Первый «фильтр» («рассказ от первого лица») влечет за собой второй — постоянную временную дистанцию. Герои многих новелл — пожилые люди, вспоминающие прошлое: ушедшие и настоящие события взаимно освещают, объясняют друг друга. Так, в рассказе «Бедная мамочка» (как бы дополняющем и комментирующем роман «Семейный круг») сталкиваются несколько пластов: сочиненный г-жой Герен образ ее покойной матери, воспоминания Бертрана Шмита о встрече с ней, его рассказ об истинных отношениях двух женщин и вежливое письмо, поддерживающее созданную легенду.

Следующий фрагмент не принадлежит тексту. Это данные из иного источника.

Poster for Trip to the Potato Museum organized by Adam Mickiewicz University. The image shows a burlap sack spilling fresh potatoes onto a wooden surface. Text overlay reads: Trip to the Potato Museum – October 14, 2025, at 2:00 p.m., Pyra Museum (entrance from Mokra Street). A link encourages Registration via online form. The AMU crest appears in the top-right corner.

Третий «фильтр» — искусство. Моруа — один из тех писателей XX века, кто глубоко убежден, что современный человек живет, погруженный в культуру. Осознанно или бессознательно люди используют поставляемые средствами массовой информации устойчивые образы, схемы восприятия, модели поведения. Искусство, утверждает Моруа, не столько копирует действительность, сколько преобразует ее: литературные герои творят читателей по своему образу и подобию. Перегружен цитатами роман «Семейный круг»: книги формируют характер героини, помогают ей принять решение в переломные моменты жизни. Они не только советуют, но и наказывают: соединившись с детскими воспоминаниями и страхами, образы из случайно попавшегося на глаза романа проникают в подсознание, мучают героиню. Ту же роль играет в романе и музыка (символ обжигающего пламени страстей, судьбы) [5], которая и пугает и властно притягивает Денизу, пока в финале не подчиняет ее полностью.

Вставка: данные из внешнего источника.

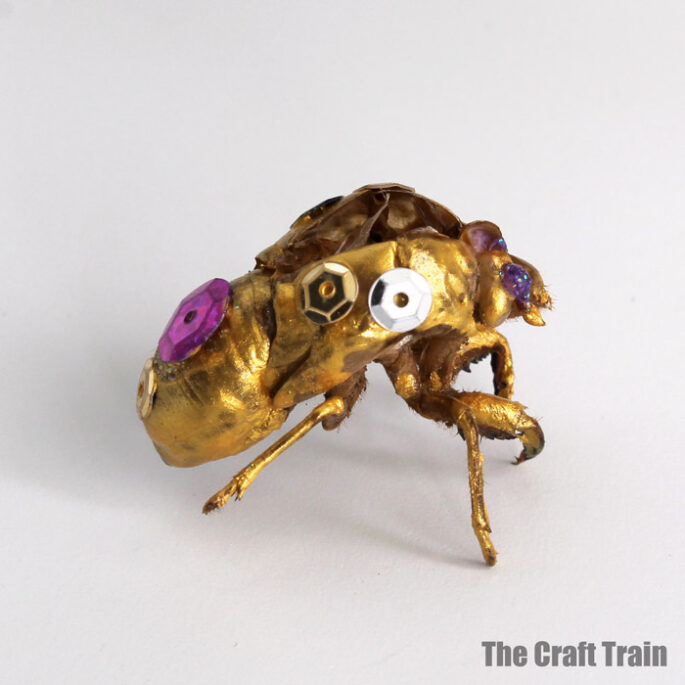 Cidada Shell Art - The Craft Train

Писатель показывает не только положительные, но и отрицательные стороны давления культуры на человека. Слепое копирование примеров разрушает человеческую индивидуальность, временные успехи только вернее приводят к поражению. И что парадоксально: расчетливый карьеризм в духе Растиньяка в иных исторических условиях оборачивается наивным донкихотством («По вине Бальзака»). В новелле «История одной карьеры» Моруа доказывает, что для существования культуры необходим слой людей, верно ее понимающих и оценивающих, — интеллигентов. Поэтому восхождение Шалона к славе не так уж и бессмысленно: литературный поручик Киже, он действительно нужен своим друзьям как советчик, квалифицированный «потребитель». Но он пытается стать «производителем» — писателем и терпит крах: «смешивать два этих ремесла» удавалось немногим, прежде всего самому Андре Моруа.
Примечателен эпизод, когда Шалон маниакально заносит в записную книжку все, что рассказывает ему Сиврак. Аналогично поступают и герои созданной Моруа тогда же антиутопии «Путешествие в страну эстетов» (1927). Оторванные от жизни творцы вытягивают всю возможную информацию из случайно попавших к ним на остров людей. Тем для новых произведений у эстетов нет: создаются книги о самом процессе творчества, о том, как пишется или — еще того лучше — не пишется. Как ни прекрасно искусство, оно не самоценно и не самодостаточно, доказывает Моруа, нельзя творить, удалившись в «башню из слоновой кости».